Labour mobilizing Ontarians against province’s education plan
The Ontario government says its changes to publicly funded education will “modernize classrooms” to “better prepare students for the demands of the future.” The unions representing teachers and education workers, however, do not agree with the government’s claim that it is bringing Ontario’s education system into the 21st century.
Calling the changes “destructive” and “devastating,” labour organizations say the plan represents a step backwards for students and for the quality of the public education system – and they’re working to mobilize Ontarians to help pressure the government to reverse the budgetary cuts.
The plan includes larger average class sizes in high school and in Grades 4 to 8, cuts in grants for various student needs’ programs, which labour says will hurt the most vulnerable students the most, and a requirement that all high school students take four online courses.
Teachers’ unions warn that larger classes – by an average of six students per class in high school – will reduce teacher-student one-on-one-engagement and lead more students to fall behind.
“Our deepest concern is that conditions are being created in which far fewer students will be able to succeed and thrive in Ontario’s high school system,” says Harvey Bischof, president of the Ontario Secondary School Teachers Federation. “This will have a severe negative impact on individual students and on Ontario’s civic and economic future.”
The unions are also opposed to mandatory online credits in high schools, pointing to research showing students don’t learn as well without face-to-face instruction. “We have every reason to believe this e-learning plan is the thin edge of the wedge for the government’s intention to begin outsourcing and privatizing our excellent publicly funded school system,” says Bischof.
Many school boards in the province have already announced they will have to reduce course offerings next term, and have sent redundancy letters to teaching and other staff. Larger classes will result in the the loss of thousands of teaching positions, say the labour organizations, and they are not comforted by the government’s statement it can be done through attrition, without the need for layoffs.
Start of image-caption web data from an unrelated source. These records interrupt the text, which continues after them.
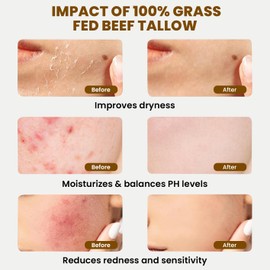 MONIER Whipped Beef Tallow for Skin, Tallow and Honey Balm for Face, Moisturizer with 100% Organic Grass-Fed Beef Tallow & Raw Wild Honey - Packaging May Vary - Dry & Sensitive Skin (Unscented)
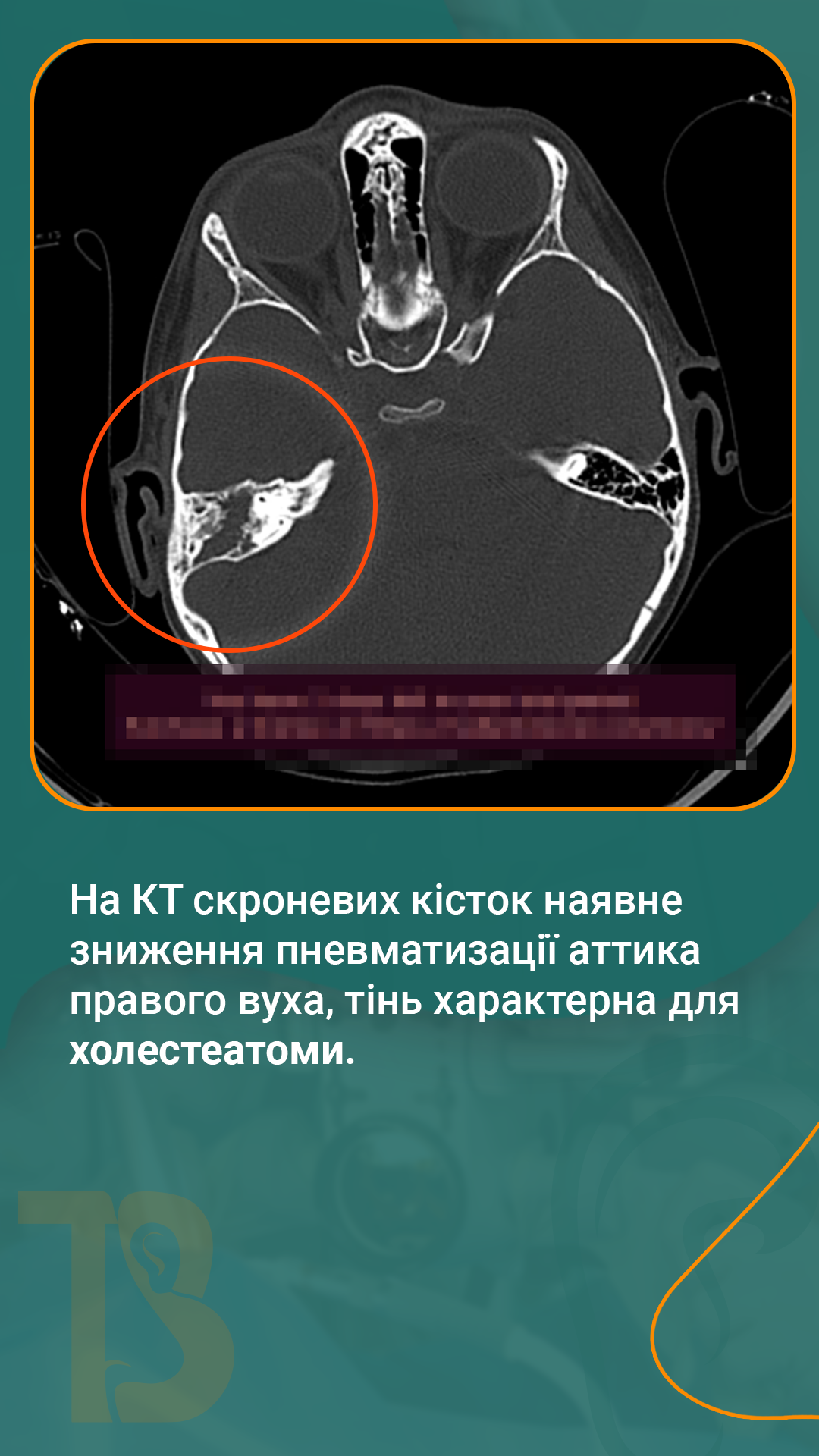 КТ уха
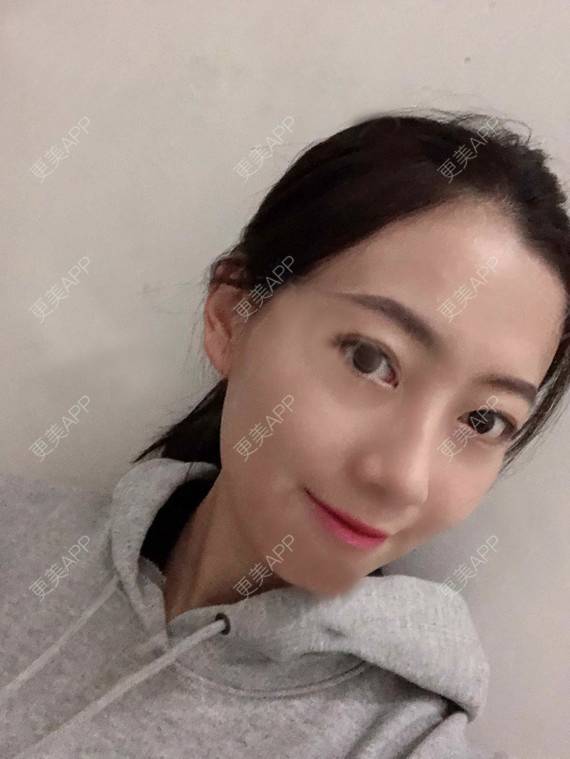 更美 - 更美用户rhLssoIYeR的热玛吉经验 | 超声提升 | 热拉提 | 深圳 | 热玛吉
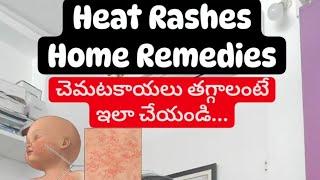 Heat Rashes Home Remedies For kids - Dr Pasunuti Sumanth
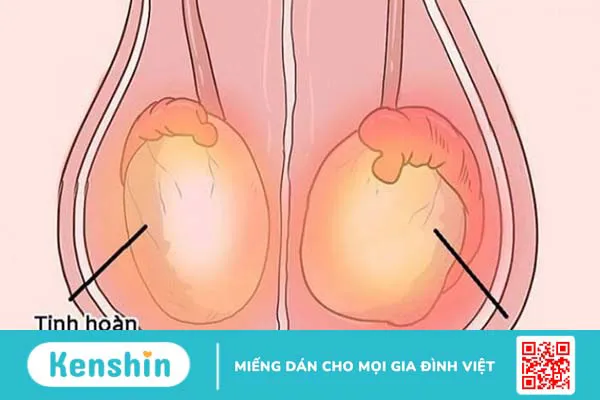 Quai bị có lây không? 4 nguy cơ lây nhiễm và biện pháp phòng ngừa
“The minister and the premier continue to say people won’t lose their jobs. I have said to my members, just watch; that won’t be the case as the process unfolds,” says Sam Hammond, president of the Elementary Teachers’ Federation of Ontario (ETFO). “School boards are already announcing cuts in support staff. They’re sending out redundancy letters now for the fall term, but they are certainly going to materialize as job losses, as well as loss of vital supports for students.”
“No cuts to education” has become the rallying cry of labour organizations for teachers at all school boards – English and French, public and Catholic – and for the Canadian Union of Public Employees (CUPE), which represents 55,000 education workers. These include education assistants, nutrition services workers, library workers, computer technicians, school secretaries, custodians, maintenance workers, social workers, child and youth workers, and speech language pathologists.
These employees are the “people who make schools work,” says Laura Walton, an education assistant and president of CUPE’s Ontario School Board Council of Unions (OBSCU). Walton says layoffs of library technicians, for example, can mean reduced access to the school library, which will disadvantage students without adequate computer resources and internet access at home. If custodians are laid off, she adds, health and safety standards can be compromised in schools, and loss of education assistants, already in short supply, will further erode supports for students most in need.
“What happens when there are fewer education assistants and the remaining EAs are stretched even further? Obviously, children with special needs don’t get enough support or attention; their boredom turns into frustration and their disruptive behaviours increase. There’s a greater likelihood of classroom violence, and suddenly the entire classroom is at risk.”
Labour organizations have strong allies in their campaign against the education cuts. On April 4, high school students across the province walked out of class in protest – and on April 6, parents and students joined the unions in a large Rally for Education at Queen’s Park.
Their message to Ontario citizens is simple: Contact your MPP and tell them that these cuts to education must be reversed. Smaller class sizes are needed to ensure student learning and achievement, and to improve, not undermine, Ontario’s world-recognized publicly funded education system.